* [The task]: Set down the full listing below word for word; pictures stay out of the copy.

* [Data extract]:
☆ ☆ ☆ ☆ ☆

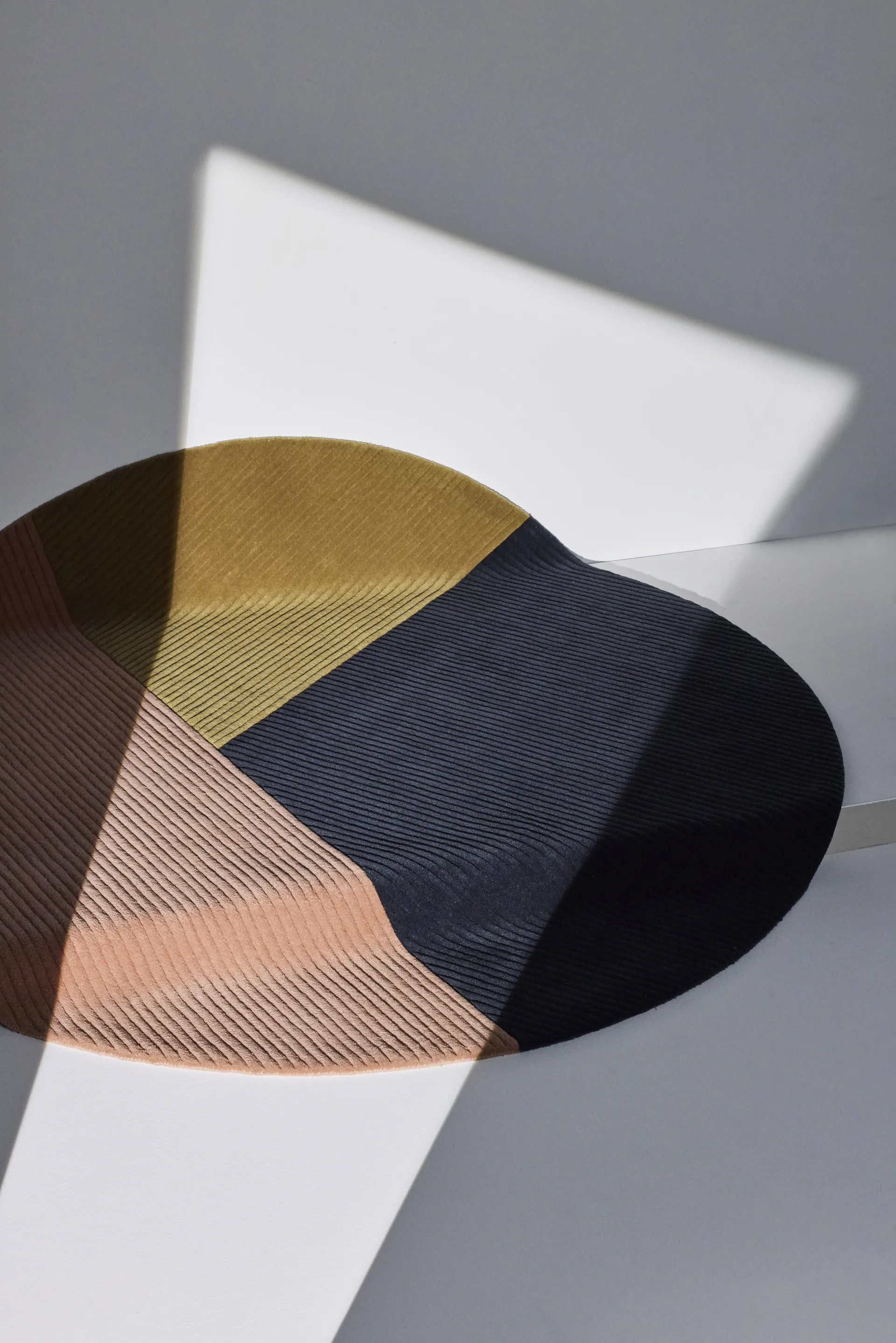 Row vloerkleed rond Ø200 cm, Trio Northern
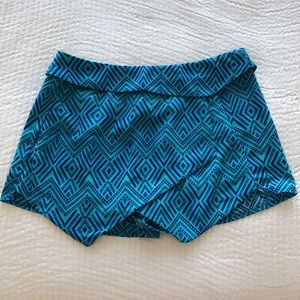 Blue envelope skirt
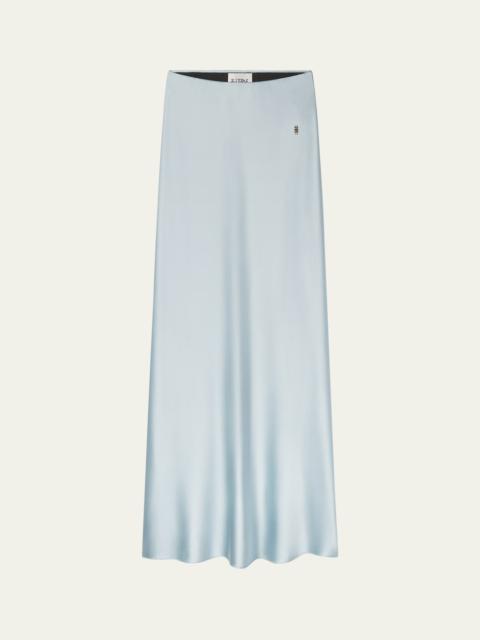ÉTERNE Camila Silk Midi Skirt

☆ ☆ ☆ ☆ ☆

* [Answer to this problem]:
 Row vloerkleed rond Ø200 cm, Trio Northern
 Blue envelope skirt
ÉTERNE Camila Silk Midi Skirt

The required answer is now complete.